When Do I Send Emails?

Work and the holidays have been distracting me from blogging and fun side projects for a couple of months, so I'm easing back into it with a really quick and easy Gmail data-wrangling post.

When I first started playing around with my Gmail data, I mentioned that I wanted to get some of the stats that Xobni used to provide before they were swallowed by the Yahoo! black hole. A couple of the simpler stats to compile are "what days of the week do I send most of my email?" and "what time of day do I send the most emails?".

In order to do any time-based analysis on my emails, I'm going to need the dates and times they were sent. So I've taken the PowerShell script from a while back and made a slight modification; in the $props hash I'm adding a field called SentDate:

$props = @{
    Id = $mimeMessage.MessageId
    To = $mimeMessage.To.ToString()
    From = $mimeMessage.From.ToString()
    FromEmail = $fromEmail
    Subject = $mimeMessage.Subject
    Body = $bodyText
    Format = $actualFormat
    SentDate = $mimeMessage.Date.ToUniversalTime()
}

MimeKit provides the sent date of the email as a DateTimeOffset; to keep things consistent, I'm converting everything to UTC at this stage.

From there, I import the data into pandas as per usual and filter it down to just the emails sent by me:

import pandas as pd
import numpy as np
import humanfriendly
import matplotlib.pyplot as plt
plt.style.use('ggplot')

df = pd.read_csv('../times.csv', header = 0)

fromMe = df.query('FromEmail == "[my email]"')

It turns out that indexing your data by date/time in pandas is pretty easy; you just create a DateTimeIndex:

temp = pd.DatetimeIndex(fromMe['SentDate'], tz = 'UTC').tz_convert('America/Denver')

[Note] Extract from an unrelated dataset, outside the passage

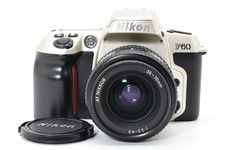 Nikon F60 fotocamera reflex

Here I'm telling pandas to create an index by the SentDate field, and that the field is already in UTC. Then I'm converting all of those dates and times to my local timezone so that the data makes sense from my local perspective. This mostly works, because I mostly live in the Mountain timezone. Some of my data will be a little skewed because of emails sent while traveling and a few months where I lived in the Eastern time zone, but not so much that I care. In a later post I might look at how this data changes over time, which is more interesting (I might even be able to identify when and where I was traveling based on that data).

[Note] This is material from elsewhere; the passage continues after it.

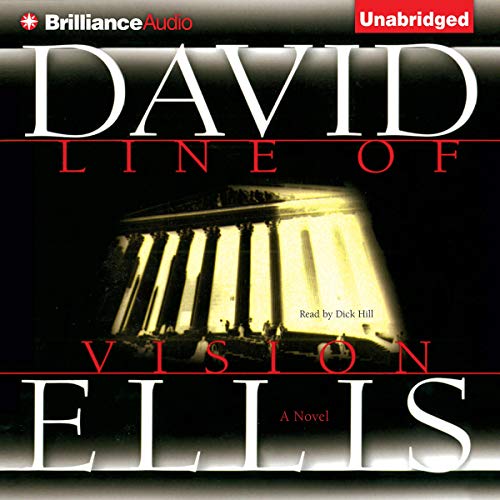 Cover of Line of Vision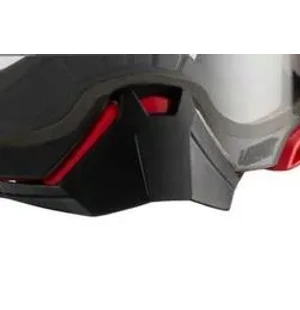 Leatt (ei saatavana Suomessa) Nose Deflector Velocity 6.5 White kuva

But for now, let's break down the data in temp and shove it back into the original dataset:

fromMe['DayOfWeek'] = temp.dayofweek
fromMe['Hour'] = temp.hour
fromMe['Year'] = temp.year

Now for each email from me, I've got a column that tells me what hour of the day and day of the week it was sent. From there, aggregating it and charting it are a snap:

# Number of emails sent by day of week
sentDayOfWeek = fromMe.groupby(['DayOfWeek']).agg({'Id' : 'count'})
sentDayOfWeek['Id'].plot(kind='bar', figsize=(6, 6), title='Emails Sent By Day Of Week')
plt.show()

# Number of emails sent by hour of day
sentHourOfDay = fromMe.groupby(['Hour']).agg({'Id' : 'count'})
sentHourOfDay['Id'].plot(kind='bar', figsize=(6, 6), title='Emails Sent By Hour Of Day')
plt.show()

The data is about what I'd expect; more emails on Monday than any other day (0 == Monday on this chart) and the majority of emails sent during the workday (with a dip around lunch).

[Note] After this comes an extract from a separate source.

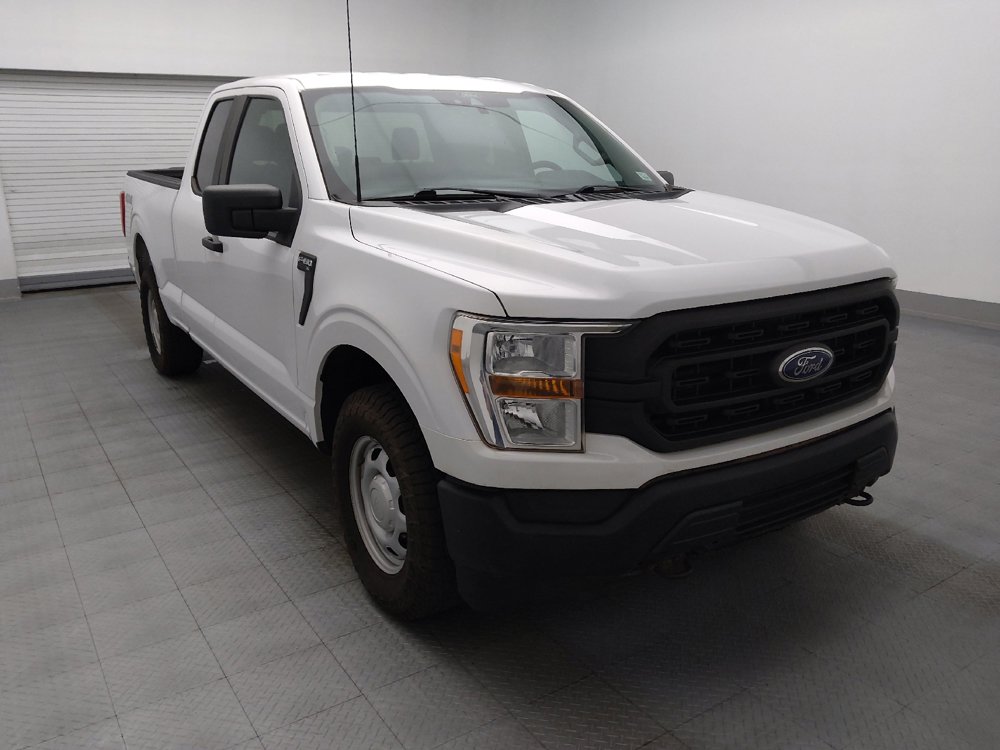 Used 2021 Ford F150 XL w/ XL Power Equipment Group AWD/4WD image 13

Aggregating by year provides a bit of mystery, though:

sentYear = fromMe.groupby(['Year']).agg({'Id' : 'count'})
sentYear['Id'].plot(kind='bar', figsize=(6, 6), title='Emails Sent By Year')
plt.show()
The numbers vary quite a bit more than I'd expect. 2004 makes sense; I only started using Gmail in July of that year. And the next couple of years shows me using Gmail more and more over my old Lycos account. The spike in 2011 also seems reasonable, as that's when I stopped working at an office with an Exchange server, so my day-to-day email load shifted. But the dips in 2012 and 2015? No idea. I'll have to dig further into those.